With more than 70% of the votes counted in Sunday’s Budapest mayoral election, opposition challenger Gergely Karacsony was leading incumbent Istvan Tarlos by 50.1% to 44.8%, according to preliminary results.
Tarlos, 71, who had been in office since 2010, has conceded defeat and called his rival to offer his congratulations.
“On the national level, the result is nice, but in Budapest, there is thinking to be done,” he told a news conference flanked by Prime Minister Viktor Orban. “Budapest made the decision to elect Gergely Karacsony today.”
The result is an upset for Orban’s ruling Fidesz party, which hasn’t suffered an electoral defeat since it came to power nine years ago.
Karacsony, who was backed by a number of opposition groups from across the political spectrum, called the win “historic.”
“I’d like to put the relationship between Budapest and the government on a new plane. We are readying not for war but for cooperative construction,” the 44-year-old center-left politician said. “Budapest will be green and free, we will bring it back to Europe.”
Opposition candidates also won mayoral races in 10 of the country’s 23 largest cities. That’s a significant shift since the last local elections in 2014, when opposition groups won just three mayoral contests.
New opposition strategy
The nationwide municipal polls were seen as a test for the opposition’s new strategy of banding together behind a single candidate against Fidesz.
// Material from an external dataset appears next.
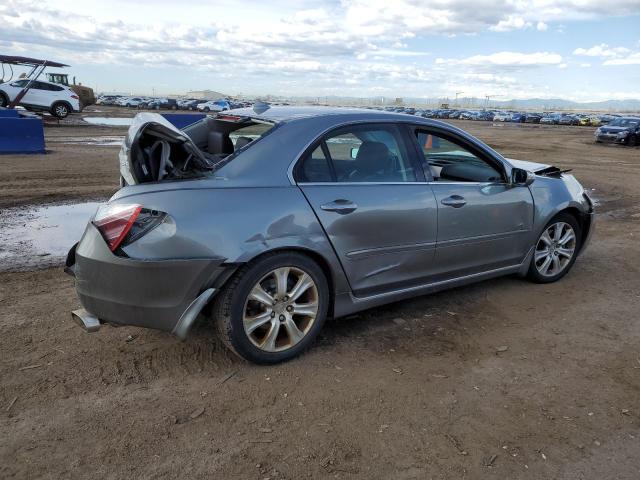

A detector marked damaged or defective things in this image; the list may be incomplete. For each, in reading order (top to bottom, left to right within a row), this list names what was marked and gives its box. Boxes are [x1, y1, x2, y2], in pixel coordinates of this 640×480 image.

damaged silver sedan [66, 107, 596, 364]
“This election proves that opposition cooperation works, the opposition reached its best result in years with the new strategy,” political analyst Andras Biro-Nagy told Agence France-Presse news agency.
More than 8 million people were eligible to vote for over 3,000 mayors and more than 17,000 local council members in Sunday’s vote.
The election turnout was nearly 50%, one of the highest participation rates in local polls since Hungary’s return to democracy in 1990.